*WHAT YOU SHOULD DO*
Transcribe exactly, and only, the lines from the one containing "Used 2024 Summit White GMC AT4 image 16" through the last line of the data.
= = = =
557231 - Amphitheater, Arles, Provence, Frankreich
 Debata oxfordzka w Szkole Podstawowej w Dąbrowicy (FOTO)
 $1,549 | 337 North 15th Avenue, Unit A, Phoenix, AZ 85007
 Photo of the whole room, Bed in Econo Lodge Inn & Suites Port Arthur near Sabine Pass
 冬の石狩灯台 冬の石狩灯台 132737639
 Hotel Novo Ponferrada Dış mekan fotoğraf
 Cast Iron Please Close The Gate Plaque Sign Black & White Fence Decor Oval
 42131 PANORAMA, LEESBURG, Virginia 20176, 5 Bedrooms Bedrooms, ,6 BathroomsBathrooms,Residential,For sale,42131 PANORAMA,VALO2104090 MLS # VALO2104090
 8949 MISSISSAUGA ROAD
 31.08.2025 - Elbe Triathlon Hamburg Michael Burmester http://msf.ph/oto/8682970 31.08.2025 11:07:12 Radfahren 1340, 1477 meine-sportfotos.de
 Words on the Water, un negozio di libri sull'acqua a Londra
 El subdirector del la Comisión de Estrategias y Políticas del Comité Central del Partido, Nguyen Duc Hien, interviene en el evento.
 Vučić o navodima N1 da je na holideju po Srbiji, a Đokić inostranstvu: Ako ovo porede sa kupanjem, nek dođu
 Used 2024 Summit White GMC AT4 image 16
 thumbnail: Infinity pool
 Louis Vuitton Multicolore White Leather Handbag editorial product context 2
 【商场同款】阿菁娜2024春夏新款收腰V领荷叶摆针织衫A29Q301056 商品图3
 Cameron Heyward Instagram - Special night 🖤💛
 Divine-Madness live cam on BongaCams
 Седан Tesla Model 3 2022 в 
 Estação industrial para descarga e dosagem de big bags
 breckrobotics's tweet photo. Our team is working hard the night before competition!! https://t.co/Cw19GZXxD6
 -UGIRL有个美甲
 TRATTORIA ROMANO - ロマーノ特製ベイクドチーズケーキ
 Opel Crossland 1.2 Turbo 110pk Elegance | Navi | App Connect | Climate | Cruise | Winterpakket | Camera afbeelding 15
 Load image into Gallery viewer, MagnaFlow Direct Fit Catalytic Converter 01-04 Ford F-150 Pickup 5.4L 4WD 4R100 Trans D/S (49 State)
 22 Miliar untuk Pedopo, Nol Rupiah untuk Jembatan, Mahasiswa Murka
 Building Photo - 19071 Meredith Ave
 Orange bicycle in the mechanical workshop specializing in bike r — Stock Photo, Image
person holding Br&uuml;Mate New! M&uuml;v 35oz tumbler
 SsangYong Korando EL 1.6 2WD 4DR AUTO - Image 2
= = = =
*EXERCISE ANSWER*
 Used 2024 Summit White GMC AT4 image 16
 thumbnail: Infinity pool
 Louis Vuitton Multicolore White Leather Handbag editorial product context 2
 【商场同款】阿菁娜2024春夏新款收腰V领荷叶摆针织衫A29Q301056 商品图3
 Cameron Heyward Instagram - Special night 🖤💛
 Divine-Madness live cam on BongaCams
 Седан Tesla Model 3 2022 в 
 Estação industrial para descarga e dosagem de big bags
 breckrobotics's tweet photo. Our team is working hard the night before competition!! https://t.co/Cw19GZXxD6
 -UGIRL有个美甲
 TRATTORIA ROMANO - ロマーノ特製ベイクドチーズケーキ
 Opel Crossland 1.2 Turbo 110pk Elegance | Navi | App Connect | Climate | Cruise | Winterpakket | Camera afbeelding 15
 Load image into Gallery viewer, MagnaFlow Direct Fit Catalytic Converter 01-04 Ford F-150 Pickup 5.4L 4WD 4R100 Trans D/S (49 State)
 22 Miliar untuk Pedopo, Nol Rupiah untuk Jembatan, Mahasiswa Murka
 Building Photo - 19071 Meredith Ave
 Orange bicycle in the mechanical workshop specializing in bike r — Stock Photo, Image
person holding Br&uuml;Mate New! M&uuml;v 35oz tumbler
 SsangYong Korando EL 1.6 2WD 4DR AUTO - Image 2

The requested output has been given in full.